Offices of the World Institute of Kimchi in Gwangju / Courtesy of the World Institute of Kimchi
Korea’s leading kimchi research agency has developed a new artificial intelligence (AI) model that can predict how kimchi will taste based on fermentation conditions, including temperature and bacteria present.
The World Institute of Kimchi under the Ministry of Science and ICT said on Monday the new model can be used to introduce new scientific guidelines that can replace older, more subjective methods that rely on individual human experience and knowledge.

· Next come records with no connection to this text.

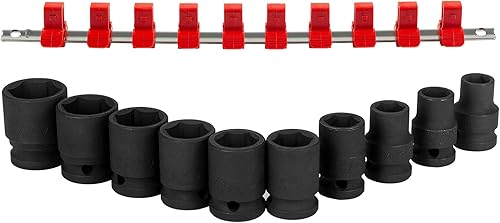 Jetech Juego de dados de impacto estándar de 12 pulgada con riel de soporte de acero, fabricado con acero de aleación de molibdeno cromado forjado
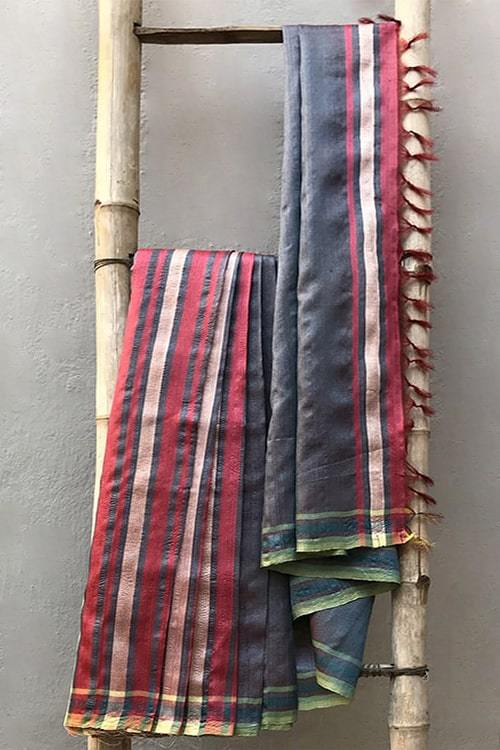 Anila' Handwoven Color-Block Silk Saree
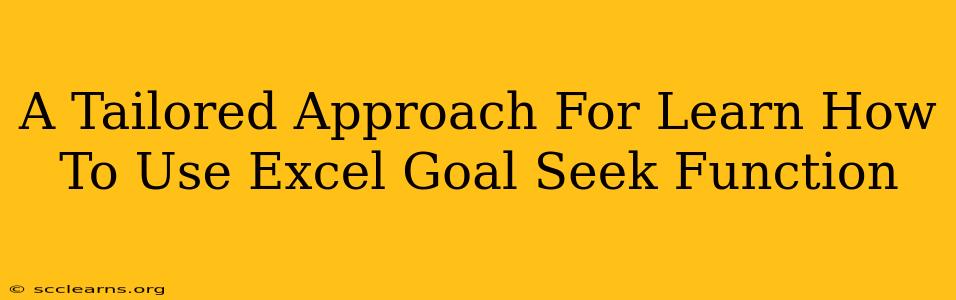 A Tailored Approach For Learn How To Use Excel Goal Seek Function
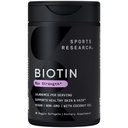 Sports Research ® Biotin 10,000mcg s organickým kokosovým olejem - Biotin (Vitamin B7) pro zdravou pleť a podporu vlasů * - pro ženy a muže - Vegan, Non- GMO, gluten & Soy- Free - 30 Veggie Softgels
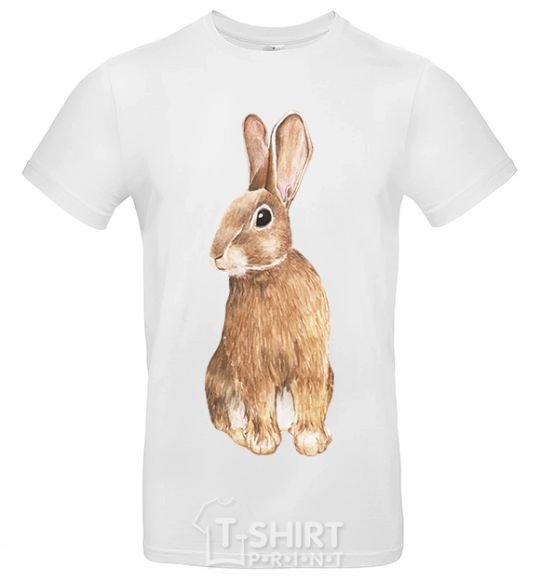 Men's T-Shirt Steppe hare White фото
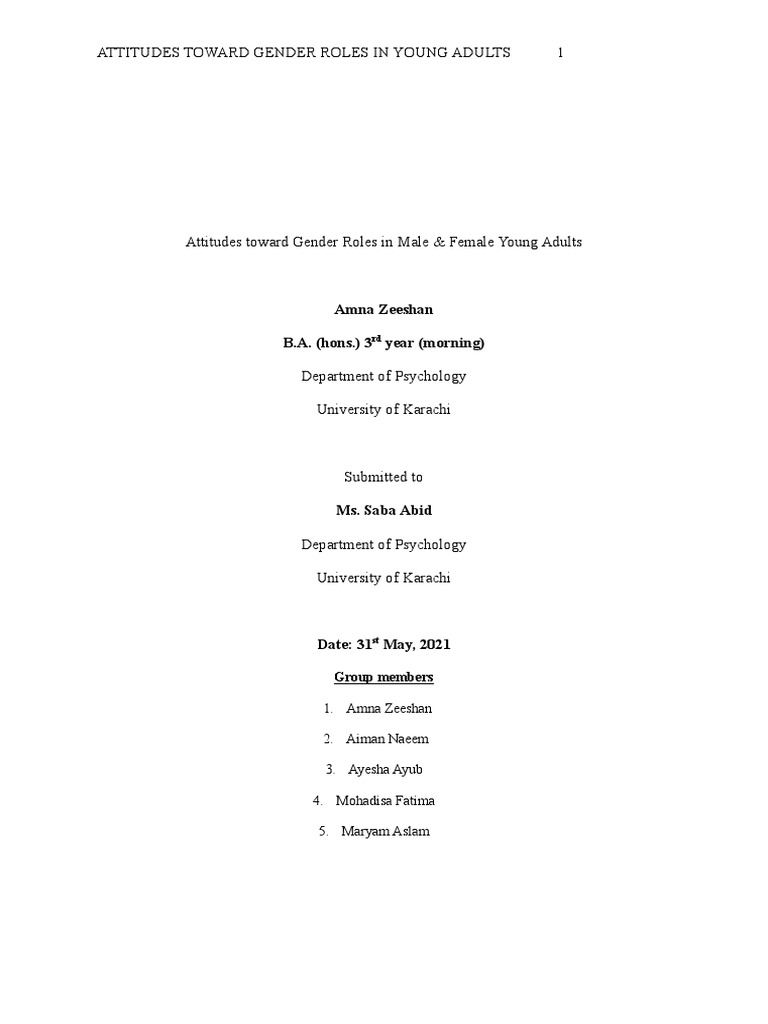 Gender Roles Attitudes in Young Adults | PDF | Gender Role | Gender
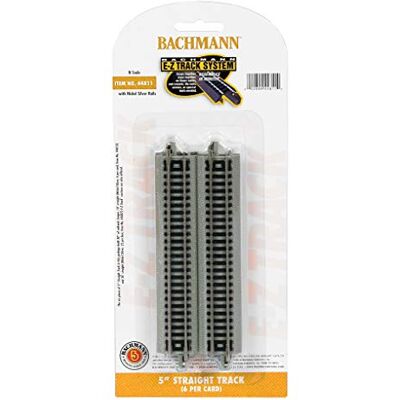 Bachmann Trains Snap-Fit E-Z TRACK 5” STRAIGHT TRACK (6/card) NICKEL SILVER Rail With Grey Roadbed N Scale, 8 Bachmann Trains Snap-Fit E-Z TRACK 5” STRAIGHT TRACK (6/card) NICKEL SILVER Rail With Grey Roadbed N Scale, 8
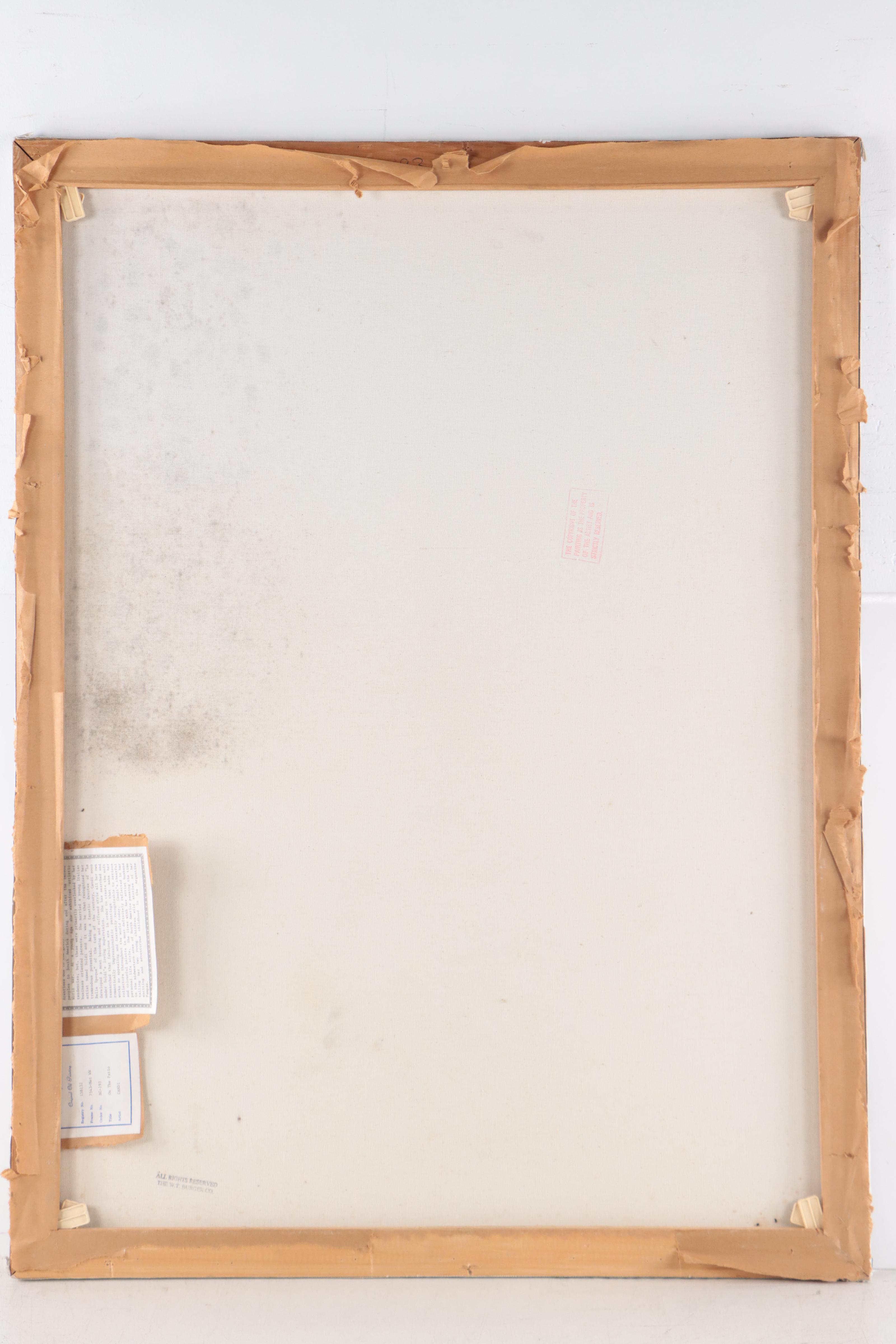 Candi Oil Painting of Patio Scene With Figure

The agency believes the breakthrough will allow for more standardized and predictable taste in mass production kimchi, improving the ability of companies to cater to global consumers.
The AI model, jointly developed by a team of researchers from the institute and Chonnam National University, found nine key elements that help predict the fermentation progress and how the resulting kimchi will taste. The signal markers include different types of organic acids, sugars, amino acids and other compounds. Collectively, they help determine kimchi's unique flavor profile.

Samgwang Temple in Busan hosts a kimchi making event where volunteers prepare kimchi for donation to local anti-poverty groups, Dec. 10, 2025. Yonhap
The model was developed after lead researcher Whon Tae-woong innoculated cabbage with 10 different types of lactobacillus and monitored bacterial development in different temperature conditions to help the AI better predict bacteria growth and fermentation processes.
The institute said the AI model already tallies with existing statistical data about kimchi fermentation that is publicly available. According to the agency, the model can be implemented for mass production or other industrial purposes immediately.
“The new AI model will contribute to minimizing unexpected changes in kimchi quality, which often resulted from unbalanced fermentation. It will help uniform distribution of fermented kimchi with the degree of maturity preferred by a majority of global consumers,” Whon said.
“This breakthrough is a critical turning point for commercial fermentation, advancing from human experiences to prediction based on AI analysis. The standardized procedures for detailed control of environmental conditions will help strengthen K-food's consumer trustworthiness and global competitiveness.”
Whon's latest AI model was introduced in the March issue of the science journal "Food Chemistry."